Mark Burnett (born 17 July 1960) is a television producer who is the former Chairman of MGM Worldwide Television Group. He created and produced the reality shows The Apprentice, Survivor, The Voice, and Shark Tank (which has been nominated for six NAACP Image Awards).

Burnett-produced TV series have been nominated for a total of 143 Emmys. He has personally won twelve Emmy Awards, five Producers Guild of America Awards, ten Critics' Choice Television Awards, and nine People's Choice Awards. As of 2022, Burnett is the executive producer of five current network television shows, as well as several cable series.
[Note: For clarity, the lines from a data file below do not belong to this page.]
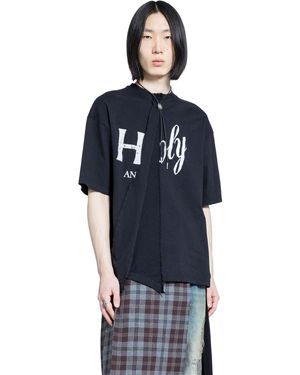 Ann Demeulemeester Hardon High-Comfort T-Shirt - Blue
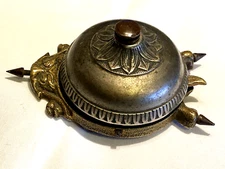 Antique Manufrance Mechanical Wound Gargoyle Alarm Service Counter Alarm Bell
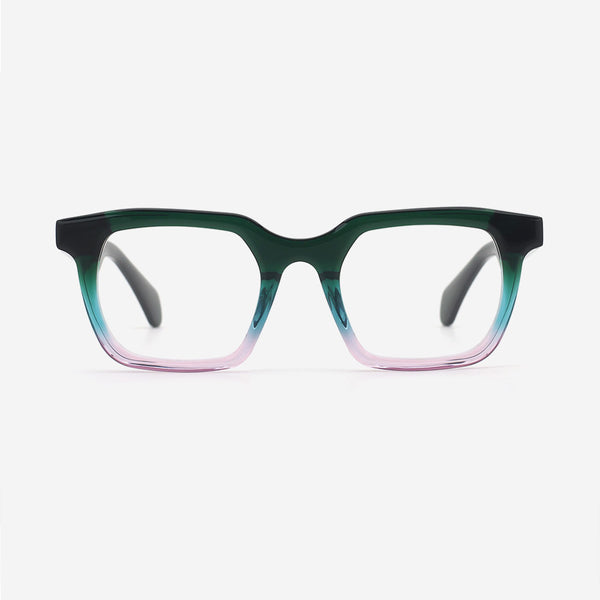 Classic Square Acetate Men's Optical Frames 24A3070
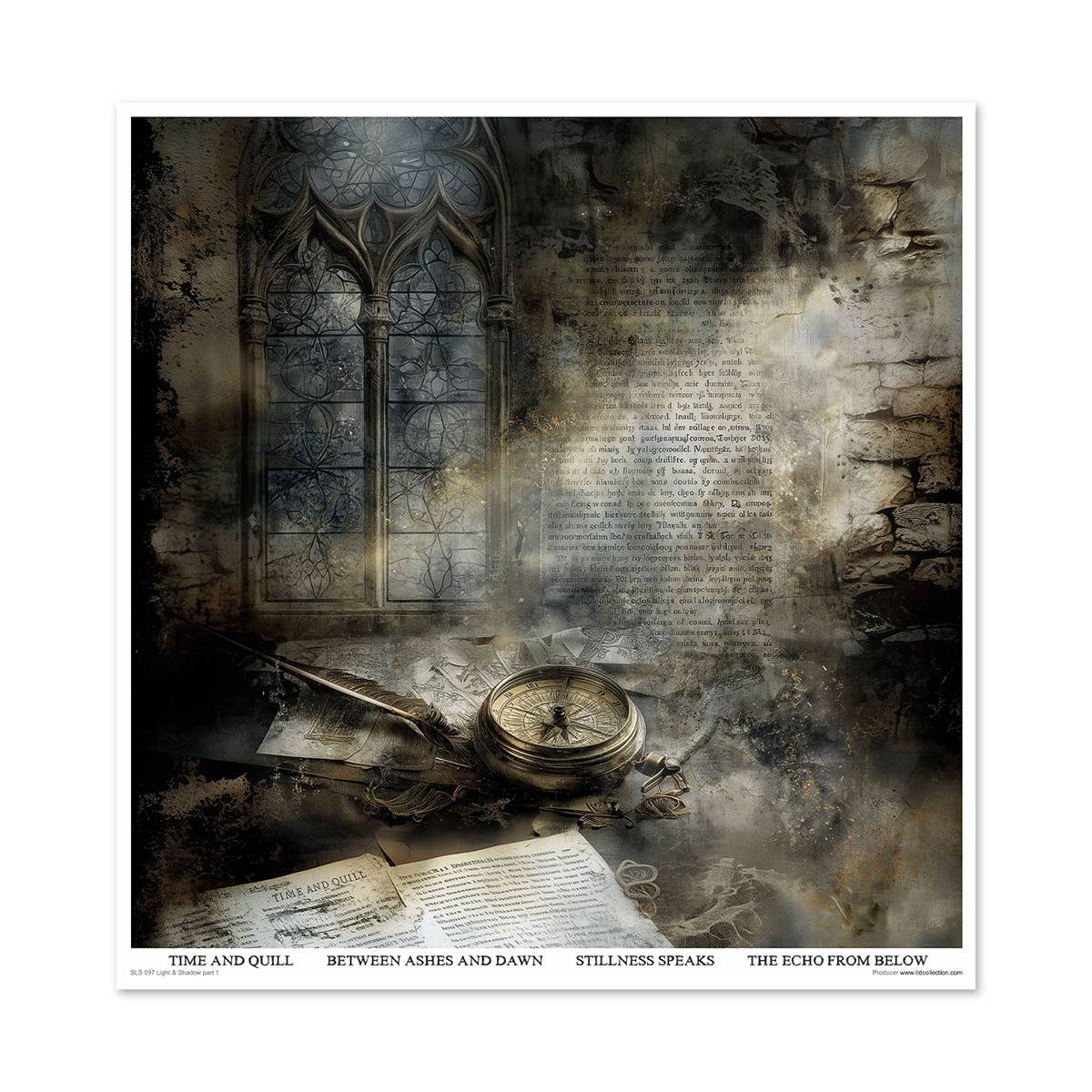 ITD: 12x12 inches paper pack LIGHT AND SHADOW 1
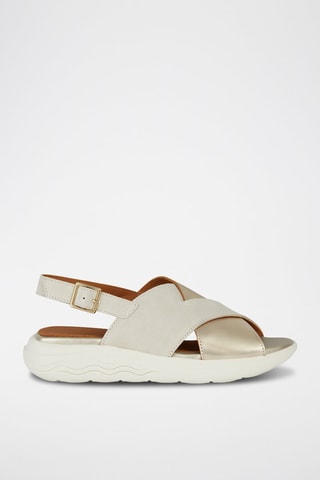 Leren Sandalen Spherica Ec5 - Beige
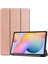 Samsung Galaxy Tab A T580 10.1 Uyumlu Smart Cover Katlanabilir Standlı Tablet Akıllı Kapak Rose Gold 1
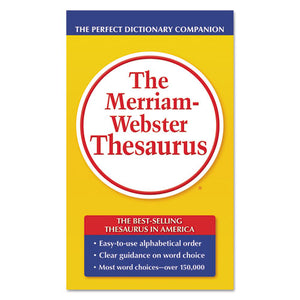 The Merriam-webster Thesaurus, Dictionary Companion, Paperback, 800 Pages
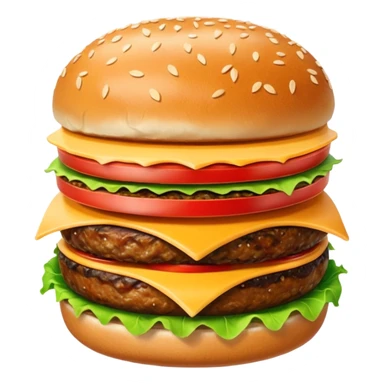 Kapibara burger sticker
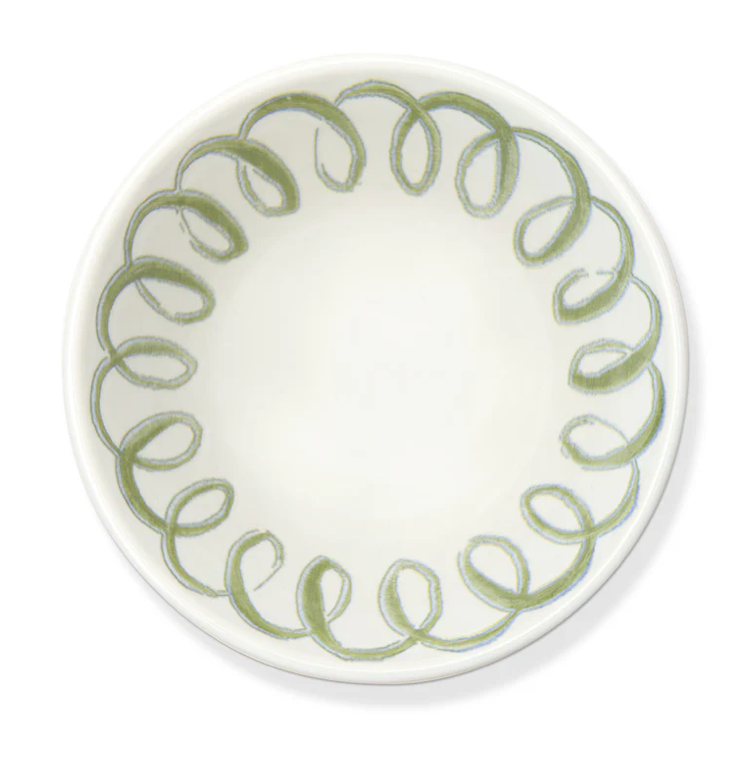 Amalfi Berry Bowl- White/Green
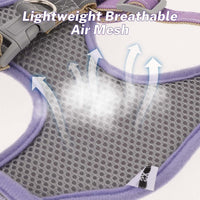 HKM-422355 Breathable Mesh Dog Harness with Reflective Strips and Quick Release Buckle for Small to Large Dogs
For five consecutive years, Burnett has been included in the Variety500, an index of the 500 most influential business leaders shaping the global media industry.

Under Burnett's leadership, MGM has expanded its cable TV business through the acquisitions of Evolution Media (e.g., Botched, Real Housewives of Beverly Hills, Real Housewives of Orange County) and Big Fish Entertainment (Live PD, Black Ink Crew).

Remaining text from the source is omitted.